Kerry: 'I Lost the Argument' for Using Force in Syria
An audio recording of Secretary of State John Kerry's meeting with Syrian civilians on the sidelines of the UN General Assembly meeting last week reveals Kerry's frustration with the administration's efforts in Syria.
Secretary of State John Kerry's frustration with the failure of American diplomacy was on display as he defended US efforts to help end the five-year civil war in Syria during a meeting last week with a group of Syrian civilians, according to an audio recording obtained by CNN.
But Kerry also expressed sympathy for the Syrians' demands that the United States intervene more forcefully amid Syrian and Russian airstrikes against civilians, telling the group that he "lost the argument" for using military force against the regime of Syrian President Bashar al-Assad.
Kerry's comments came at a meeting that took place at the Dutch Mission to the United Nations on the sidelines the UN General Assembly, where Kerry was going from session to session in a frenzied effort to resuscitate a ceasefire that seemed poised to collapse.
"I think you're looking at three people, four people in the administration. I lost the argument. I've argued for the use of force.
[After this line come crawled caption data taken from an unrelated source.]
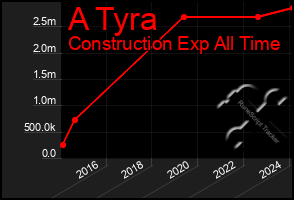 Total Graph of A Tyra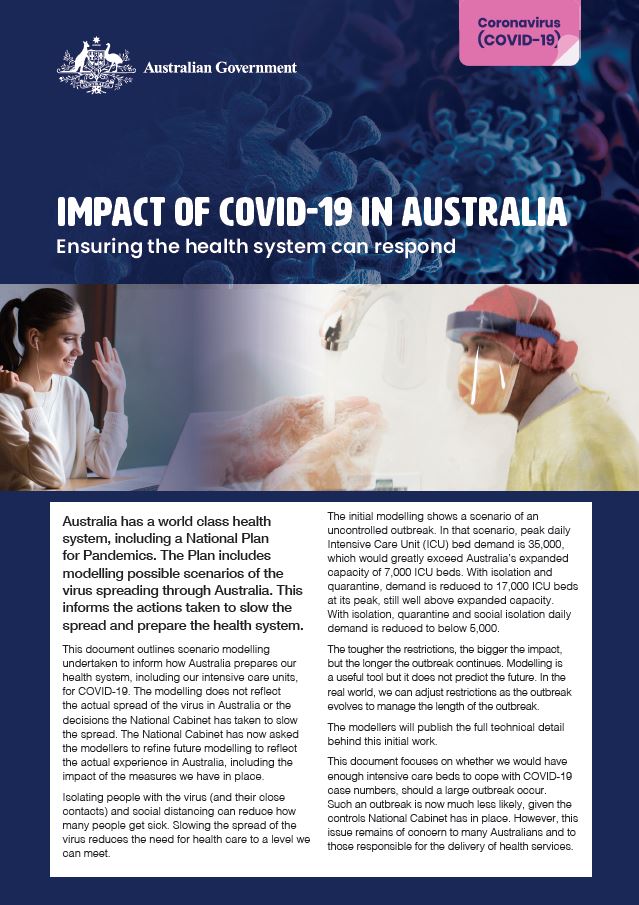 impact modelling cover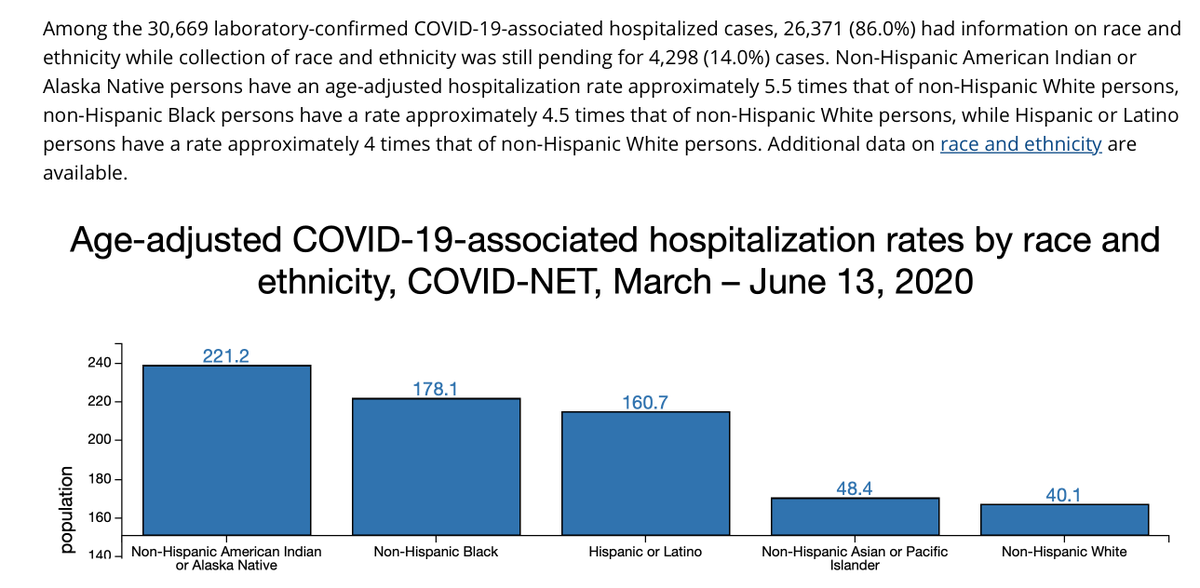 9/25 Unacceptable disparities continue. Are there any communities in the US that have avoided these inequalities? Exposure, underlying health, access to health care. Each must be addressed.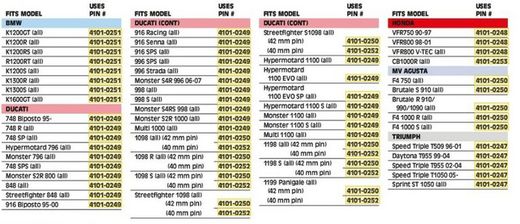 BIkelift 4101-252 Goupille de béquille latérale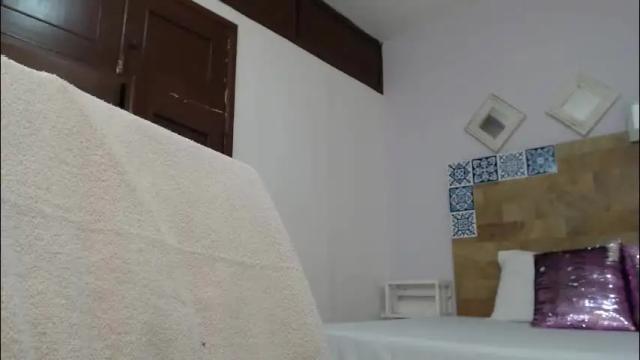 Image 10 of kyliiebaker Stream on Chaturbate on 28 days ago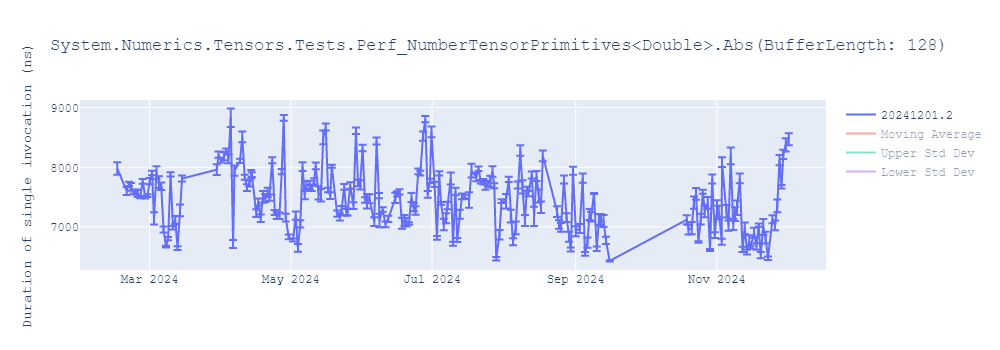 graph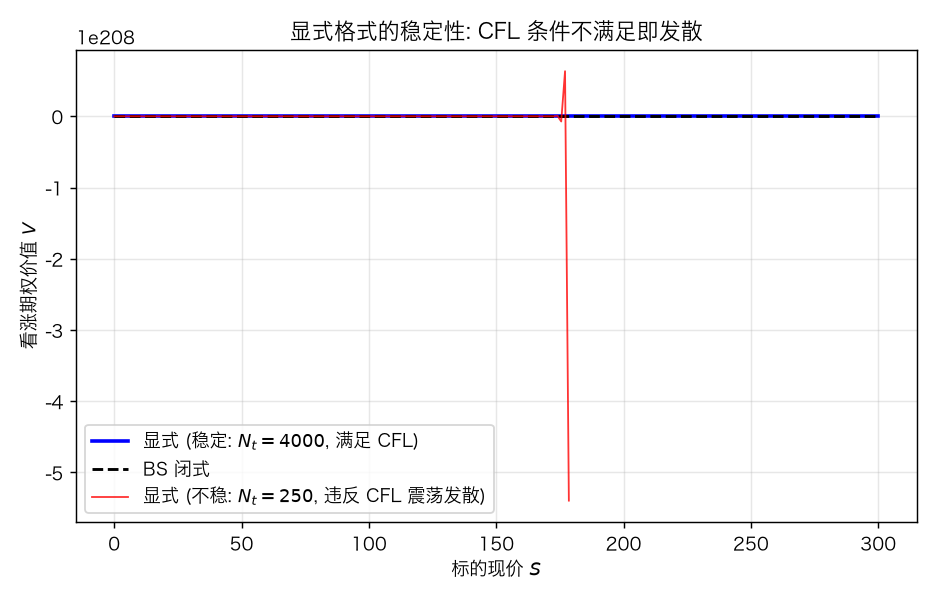 显式格式稳定性：CFL 条件不满足即震荡发散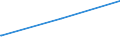 Bundesländer: Hessen / Parteien: Freie Demokratische Partei / Altersgruppen (18-70m): 18 bis unter 25 Jahre / Geschlecht: männlich / Wertmerkmal: Gültige Zweitstimmen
I'm the guy who stood up and announced that we're going to attack Assad for the use of weapons," Kerry is heard telling the Syrian attendees, referring to internal deliberations within the administration of President Barack Obama that followed Assad's use of chemical weapons in 2013.
Kerry also faulted Congress for failing to support such a retaliatory strike, saying, "The bottom line is that Congress refused even to vote to allow that."
"We have a Congress that will not authorize our use of force," he added, explaining that a new military intervention would be difficult to bring about.
American intervention was never going to happen, and Kerry should have realized that. Not only does Congress oppose Syrian intervention, but the American people are dead set against it as well. Now that Russia is on the verge of a huge victory, intervention is even less likely.